■ **MATERIAL PROVIDED**:

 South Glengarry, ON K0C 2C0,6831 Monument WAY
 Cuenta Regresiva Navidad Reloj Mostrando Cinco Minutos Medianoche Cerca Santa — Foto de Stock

==

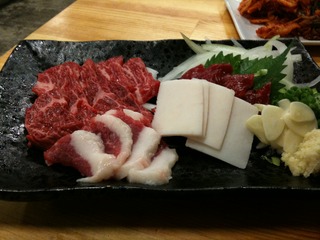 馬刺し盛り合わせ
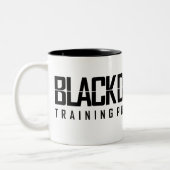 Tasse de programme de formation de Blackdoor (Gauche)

==

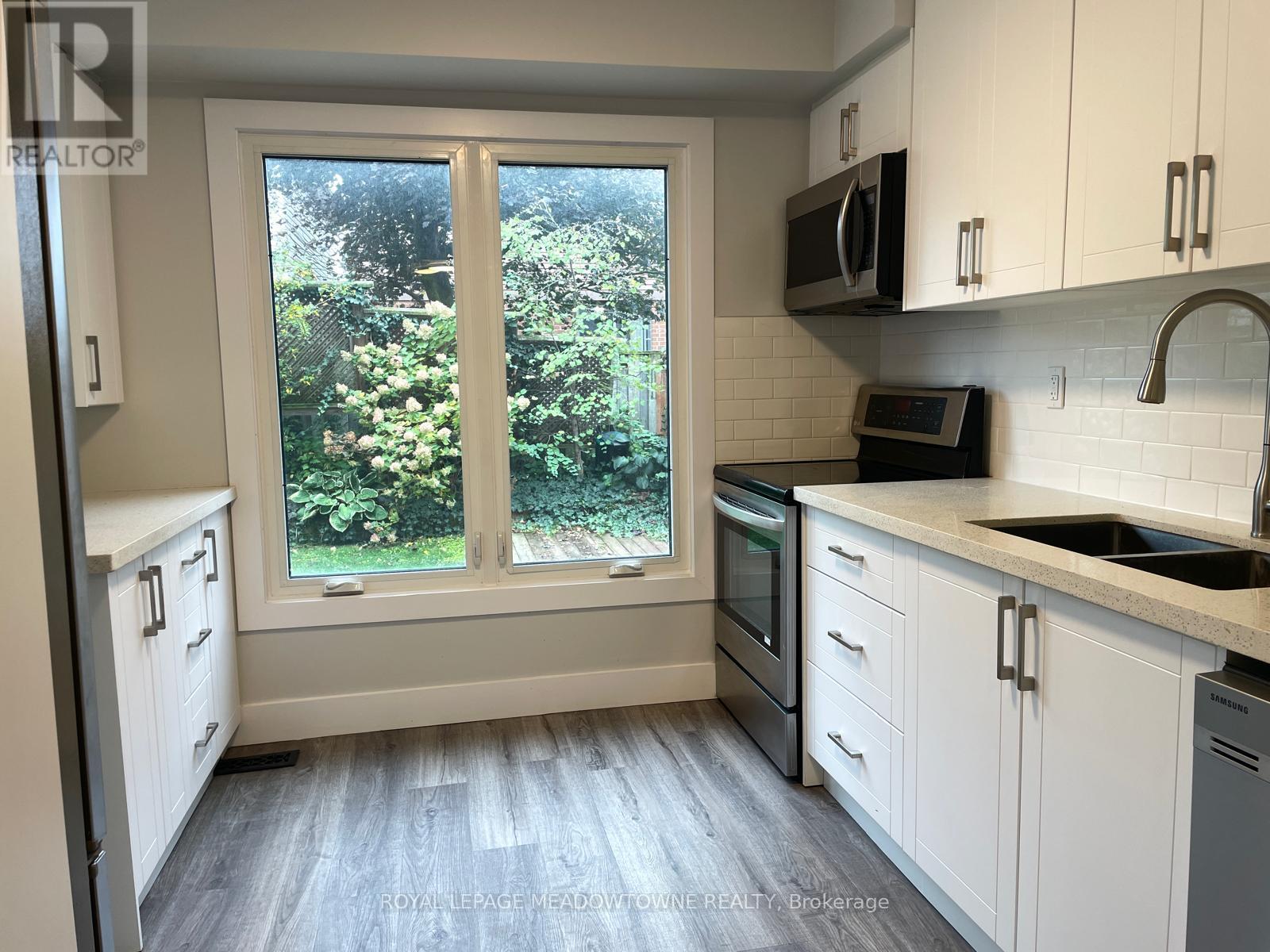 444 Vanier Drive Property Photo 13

■ **ACTIVITY**:
Copy the lines of the data above exactly as written, beginning with the line containing "South Glengarry, ON" and ending with the line containing "Cuenta Regresiva Navidad", and leave out all other lines.

■ **EXERCISE OUTPUT**:
 South Glengarry, ON K0C 2C0,6831 Monument WAY
 Cuenta Regresiva Navidad Reloj Mostrando Cinco Minutos Medianoche Cerca Santa — Foto de Stock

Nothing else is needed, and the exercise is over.